Lellouche, who spent his childhood shuttling between France and his father’s busy restaurant in La Goulette, a port town near Tunis, recalled the kind of prejudice his family encountered. “It’s ridiculous, but there’s this thing about Jews smelling of the dead,” he said. “Around 15, maybe 20 years ago, my father told us about a [Tunisian] man who came up and sniffed him. The thing is, that was a poor and uneducated man. Now, since the revolution, mass media and fake news, those attitudes are everywhere.”

Lellouche has seen the consequences of Tunisia’s anti-Semitism. In 2015, his father’s kosher restaurant, Mama Lily, a mainstay of cultural life in the city, closed due to anti-Semitic threats.

“Tunisia’s Jews are always held to a higher account,” Amine Snoussi, a Tunisian political analyst, said. “People always expect them to prove their loyalty to Tunisia and to reject Israel before they’ll even engage with them. No one else has to deal with that.”

“Jews, or minorities even, don’t really fit with [Saied’s] agenda,” Snoussi continued. “He doesn’t have time for them. He deals in a very utopian vision. Anything that contradicts that—such as anti-Semitism or the recent attacks on the country’s undocumented black migrants—has to be rejected and denied.”

In Snoussi’s opinion, Saied’s entire reaction to the synagogue attack has been shaped, not so much by any sense of anti-Semitism, but by his almost exclusively populist mindset. “He’s sought to frame this in terms of Palestine,” Snoussi said. “That fits with his ideas of what the country thinks, as well as the wider Arab nationalist world. He doesn’t think about Tunisia’s Jews. He doesn’t think about minorities. He doesn’t care how linking them so clearly to Israel puts them at risk.”

That attitude is causing real damage. In early May, the University of Manouba in Tunis announced it would revoke the title of professor emeritus from Habib Kazdaghli, a Muslim-born historian of Tunisia’s Jewish traditions who had attended a French conference alongside Israelis.
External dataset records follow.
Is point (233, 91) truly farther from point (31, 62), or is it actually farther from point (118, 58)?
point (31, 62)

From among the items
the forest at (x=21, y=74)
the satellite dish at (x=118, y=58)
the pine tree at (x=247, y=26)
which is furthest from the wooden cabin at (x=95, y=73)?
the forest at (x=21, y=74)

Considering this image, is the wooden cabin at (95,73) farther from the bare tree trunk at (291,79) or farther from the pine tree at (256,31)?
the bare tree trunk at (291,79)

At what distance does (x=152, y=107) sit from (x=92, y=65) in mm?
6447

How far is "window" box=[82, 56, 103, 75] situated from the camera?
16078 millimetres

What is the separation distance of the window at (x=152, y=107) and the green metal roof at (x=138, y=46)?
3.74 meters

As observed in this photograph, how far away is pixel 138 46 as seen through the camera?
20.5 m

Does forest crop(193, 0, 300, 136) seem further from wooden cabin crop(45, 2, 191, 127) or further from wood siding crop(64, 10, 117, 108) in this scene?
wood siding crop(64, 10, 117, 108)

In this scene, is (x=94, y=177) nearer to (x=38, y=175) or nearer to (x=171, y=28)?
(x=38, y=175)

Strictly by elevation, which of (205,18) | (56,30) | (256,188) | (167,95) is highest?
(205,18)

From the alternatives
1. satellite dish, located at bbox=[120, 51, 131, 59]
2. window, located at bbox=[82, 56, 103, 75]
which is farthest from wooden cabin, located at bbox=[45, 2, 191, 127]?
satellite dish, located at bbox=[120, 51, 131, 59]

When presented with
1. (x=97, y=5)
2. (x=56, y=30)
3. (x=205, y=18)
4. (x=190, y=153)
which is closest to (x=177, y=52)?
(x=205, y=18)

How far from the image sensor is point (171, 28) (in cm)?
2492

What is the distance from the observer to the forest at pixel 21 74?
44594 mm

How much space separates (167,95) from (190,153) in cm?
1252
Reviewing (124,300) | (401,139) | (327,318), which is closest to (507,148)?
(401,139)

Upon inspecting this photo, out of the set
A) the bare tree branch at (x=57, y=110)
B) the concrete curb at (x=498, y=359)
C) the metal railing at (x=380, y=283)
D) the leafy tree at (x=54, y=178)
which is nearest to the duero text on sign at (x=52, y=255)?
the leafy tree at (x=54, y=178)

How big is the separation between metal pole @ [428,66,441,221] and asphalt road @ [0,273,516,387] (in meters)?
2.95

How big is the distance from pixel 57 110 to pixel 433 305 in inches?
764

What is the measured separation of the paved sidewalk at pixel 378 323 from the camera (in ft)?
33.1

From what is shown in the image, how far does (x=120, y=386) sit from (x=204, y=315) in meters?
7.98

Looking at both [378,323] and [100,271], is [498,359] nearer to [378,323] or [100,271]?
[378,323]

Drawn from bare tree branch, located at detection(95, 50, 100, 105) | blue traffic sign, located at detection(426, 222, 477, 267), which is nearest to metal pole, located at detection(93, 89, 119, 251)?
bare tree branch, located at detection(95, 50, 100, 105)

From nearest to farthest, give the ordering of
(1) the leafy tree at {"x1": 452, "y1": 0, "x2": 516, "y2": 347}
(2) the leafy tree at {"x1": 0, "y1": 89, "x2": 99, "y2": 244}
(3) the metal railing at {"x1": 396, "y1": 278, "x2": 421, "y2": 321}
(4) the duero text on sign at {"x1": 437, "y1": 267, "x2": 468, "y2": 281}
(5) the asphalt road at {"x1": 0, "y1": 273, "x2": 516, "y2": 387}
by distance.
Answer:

Hardline attitudes to Israel appear hardwired into entire strata of Tunisian society. “It’s not just me,” Kazdaghli told Foreign Policy via a translator. “It goes further. Tunisia’s wrestlers and tennis players have all been accused of normalizing relations with Israel through sporting events.

“I’ve been studying this for 25 years,” he said. “This bothers them. Every time they do this”—referring to the implicit barriers placed in the way of his research by both government and academia—“they’re saying they’re anti-Semitic without actually saying they’re anti-Semitic.”

Beyond his own academic specialism, Kazdaghli has grounds to speak with authority on the topic. He was on the bus outside El Ghriba synagogue when the May attack took place.

“Now when something happens, the state doesn’t address it,” he said. “I don’t think it’s anti-Semitism on their part. It’s more about being scared of even addressing the issue, and that’s worse.”